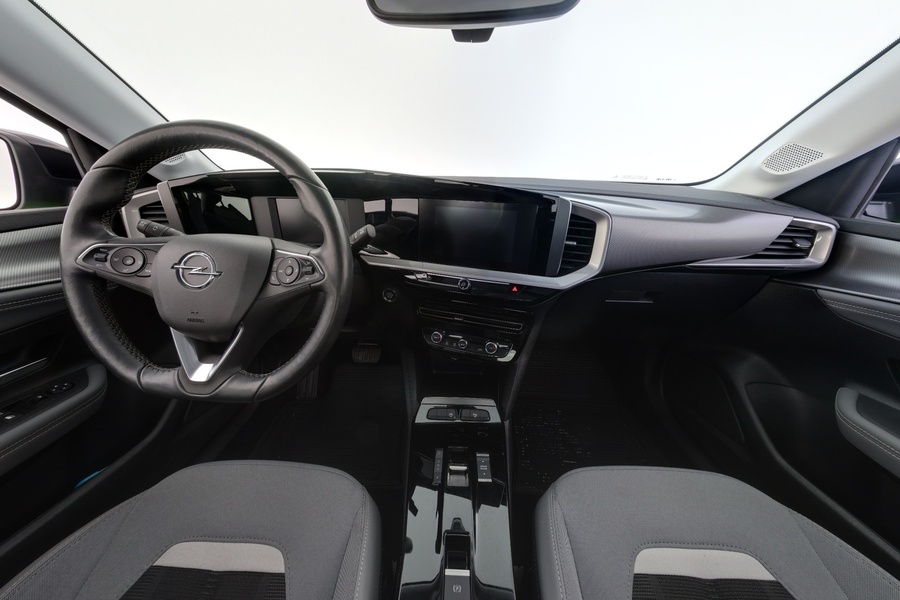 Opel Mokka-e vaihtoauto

---

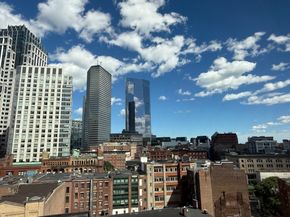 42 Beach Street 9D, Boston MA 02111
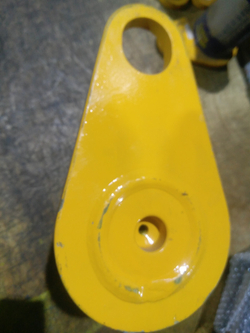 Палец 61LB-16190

...

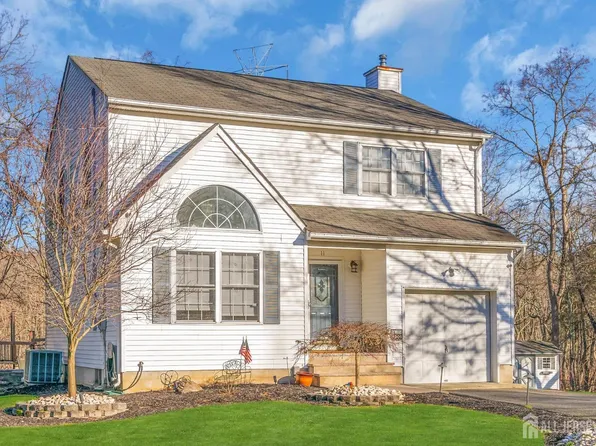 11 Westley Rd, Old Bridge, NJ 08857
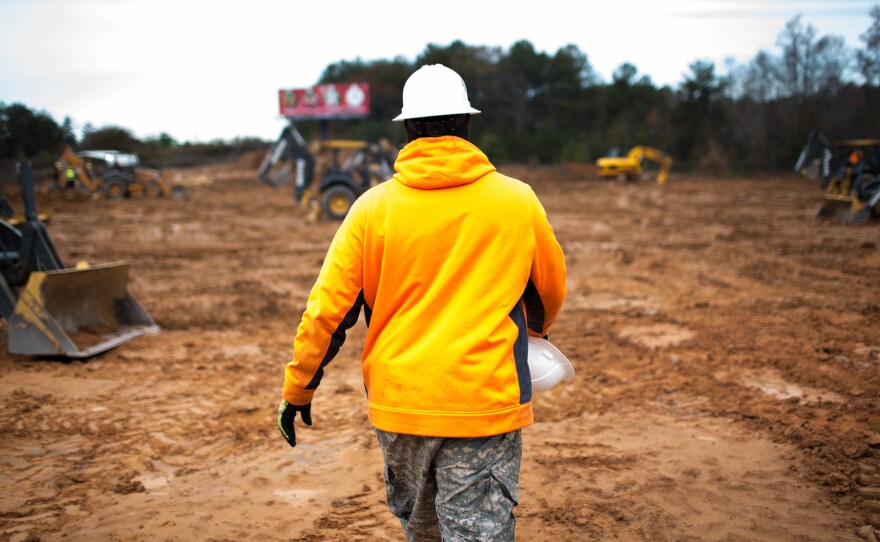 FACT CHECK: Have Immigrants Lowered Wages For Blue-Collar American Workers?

**What to do**: Working from the entries above, reproduce exactly and only the lines beginning with the line that has "11 Westley Rd, Old Bridge, NJ 08857" and ending with the line that has "FACT CHECK: Have"; omit all pictures.

**Task response**:
 11 Westley Rd, Old Bridge, NJ 08857
 FACT CHECK: Have Immigrants Lowered Wages For Blue-Collar American Workers?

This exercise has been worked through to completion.